In summary, we hold that the broad-form negligence question against Torrington was immaterial, but we remand the plaintiffs’ undertaking claim against Torrington to the trial court in the interest of justice. We further hold that the trial court did not err in finding that Torrington must indemnify Textron and that legally sufficient evidence supports the judgment against Textron. Additionally, we hold that Torrington has standing to challenge the legal sufficiency of the evidence to support the jury’s finding that the bearing was defective. We also hold that Textron was not entitled to a jury question regarding the government-contractor defense, that the trial court did not err in applying Texas law to the damages issue, and that we may not on this record set aside the verdict for excessiveness. Finally, we hold that Torrington waived any right to complain of attorney ad litem fees the trial court awarded. We therefore reverse the judgment against Torrington and remand the plaintiffs’ claims against it to the trial court. We affirm the judgment against Textron and against Torrington as Textron’s indemnitor.

Justice OWEN, dissenting.

I respectfully dissent. A new trial in this case is not justified. The record before us contains no evidence to support a judgment against Torrington on plaintiffs’ voluntary-undertaking theory or against Textron for product liability. I would render judgment that the plaintiffs take nothing.

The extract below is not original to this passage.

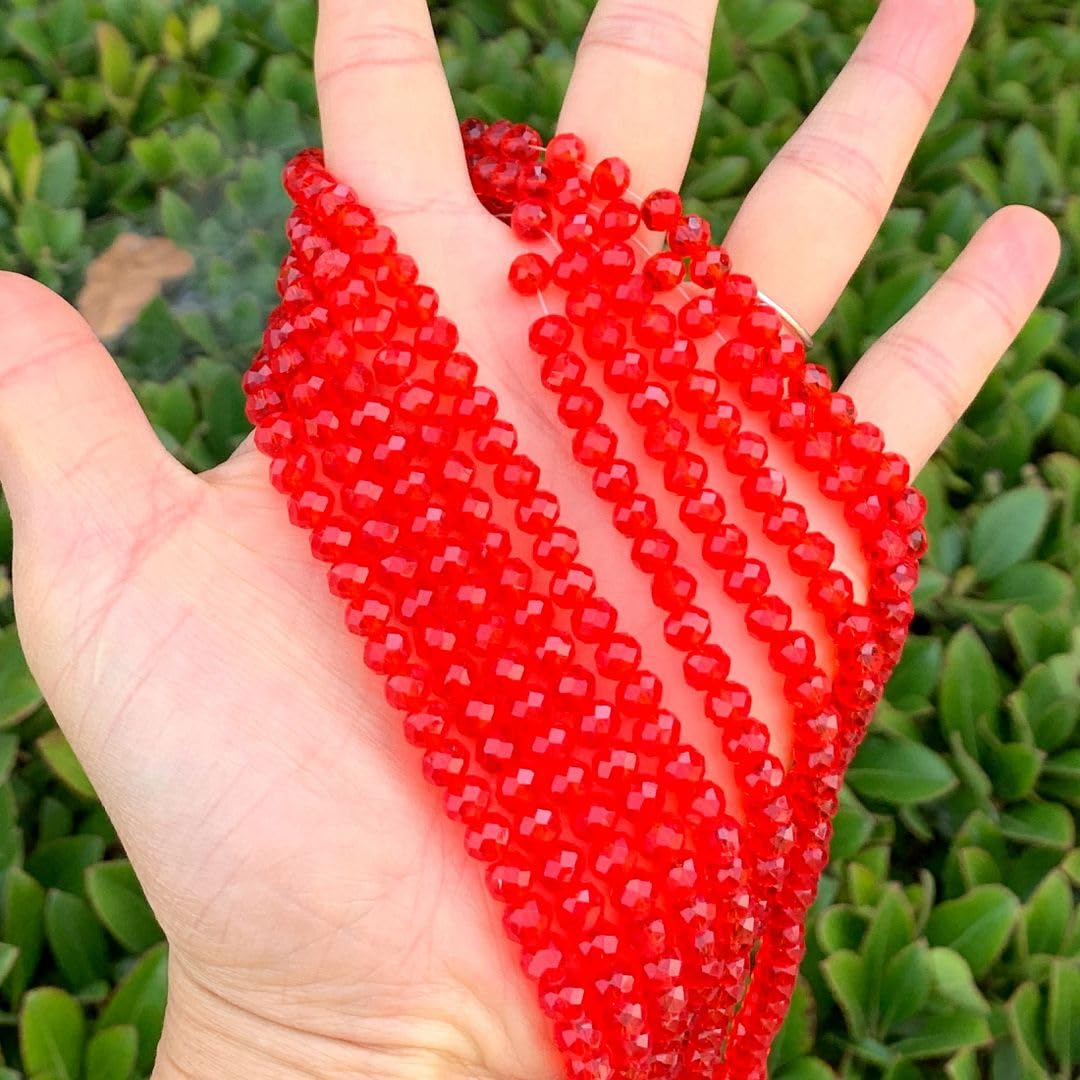 1000pcs Czech Faceted Rondelle Crystal Glass Loose Beads 6mm Spacer Bulk Light Siam Red for DIY Craft Jewelry Making CCR606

*853 The plaintiffs did not plead a voluntary-undertaking claim against Torrington. They may not even have thought of this theory of recovery until after the trial was over and a verdict had been returned. But assuming that the claim was somehow tried by consent and not simply by accident, I agree with the Court that the judgment against Torrington must be reversed because the jury was not told what the essential elements of the claim are or asked to decide whether the plaintiffs had proved all of those elements. I disagree that the case should be remanded for a new trial in the interest of justice. I have two reasons.

First: justice does not require that the plaintiffs be given a second trial to do what they should have known to do in the first trial, which was to ask the jury whether they proved each element of their voluntary-undertaking claim. We have sometimes remanded a case for a new trial when parties were reasonably confused about the substantive law,1 but this is not such a case. According to the Court, the elements of a voluntary-undertaking claim are clearly stated in section 323 of the Restatement (Second) of Torts, published in 1965, and in this Court’s 1976 opinion in Colonial Savings Association v. Taylor.2 Findings of negligence and causation—the only findings requested by the plaintiffs in this case—are necessary but not sufficient to establish liability on a voluntary-undertaking claim. As the Court states: “We have never held that a person may be liable on an undertaking theory without establishing reliance or increased risk of harm, and we decline to do so now.”3 The plaintiffs in this case established neither reliance nor increased risk and requested no jury findings on these issues. Why then should they be given a new trial?

Because, the Court answers, the plaintiffs could not have known before today’s decision that they needed findings on all elements of their cause of action in order to recover; they might reasonably have believed that findings on negligence and causation were enough. Specifically, the Court says:

We have never considered how an undertaking claim should be submitted to the jury, nor had the courts of appeals directly addressed the issue at the time this case was tried.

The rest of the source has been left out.